The faithfulness of the Burau representation on 4 strands can be investigated using a criterion involving certain arc pairs in the 4 punctured disk. Finding an arc pair with certain intersection properties will show that the representation is unfaithful, whereas it is faithful if none exist. Myself and N. Fullarton investigated these arc pairs and were able to show via computer program that no such arc pairs satisfying the requirements exist with at most 2000 intersections. We also studied the set of arc pairs and found remarkable behavior which we exploited to give further numerical evidence that the Burau representation on 4 stands is faithful.
The interaction between elliptic curves and number theory dates back to the latter part of the 19th century. The higher-dimensional analogue of an elliptic curve is an abelian variety, and in the 1960s Shimura generalized the study of moduli spaces of elliptic curves to that of moduli spaces of abelian varieties. These moduli spaces, now known as PEL Shimura varieties, play an integral part in the Langlands program.
My research focuses on the construction of "local models" for certain types of Shimura varieties. A local model is a space which controls singularities of the Shimura variety but is somehow easier to study. Any local property of the Shimura variety can be investigated on the local model. This particular construction gives explicit equations that can be written down.

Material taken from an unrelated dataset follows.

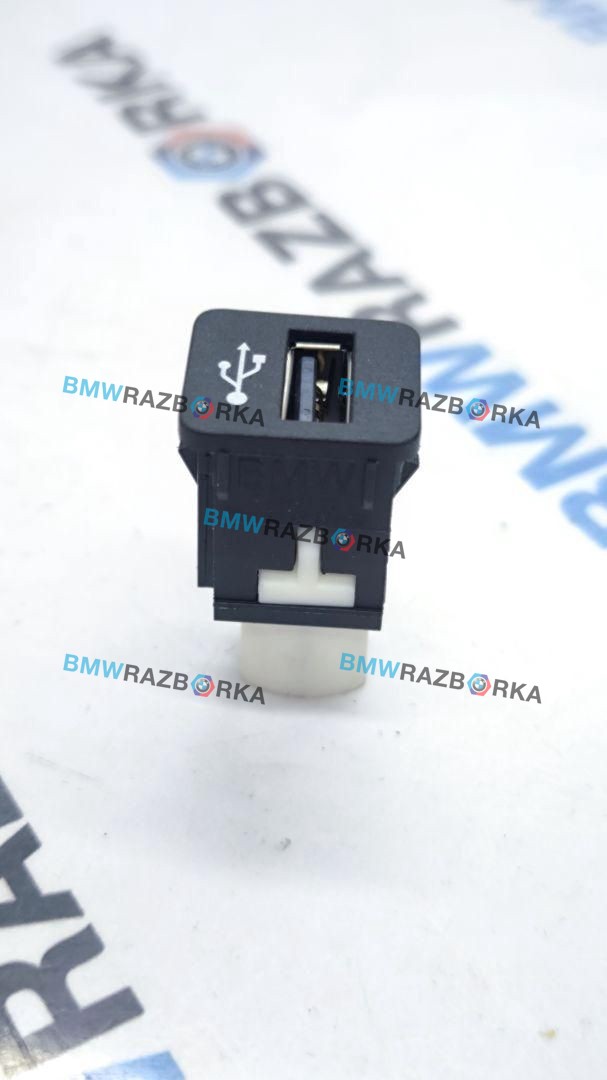 разъем AUX / USB BMW X6 G06 [рестайлинг] G06 2024, 3.0 л., B58B30P, бензин, АКПП, 416, внедорожник 5 дв., полный привод, 9229294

The local model can be used to obtain resolutions of the Shimura variety. Such a resolution is constructed in my thesis for the Shimura variety associated with GSp_4 and level subgroup given by the pro-unipotent radical of an Iwahori. One first constructs a resolution of the local model and then carries out a similar process on the Shimura variety. The picture to the right is the "dual complex" of the special fiber of the resolution of the local model. It describes how the irreducible components of the special fiber intersect.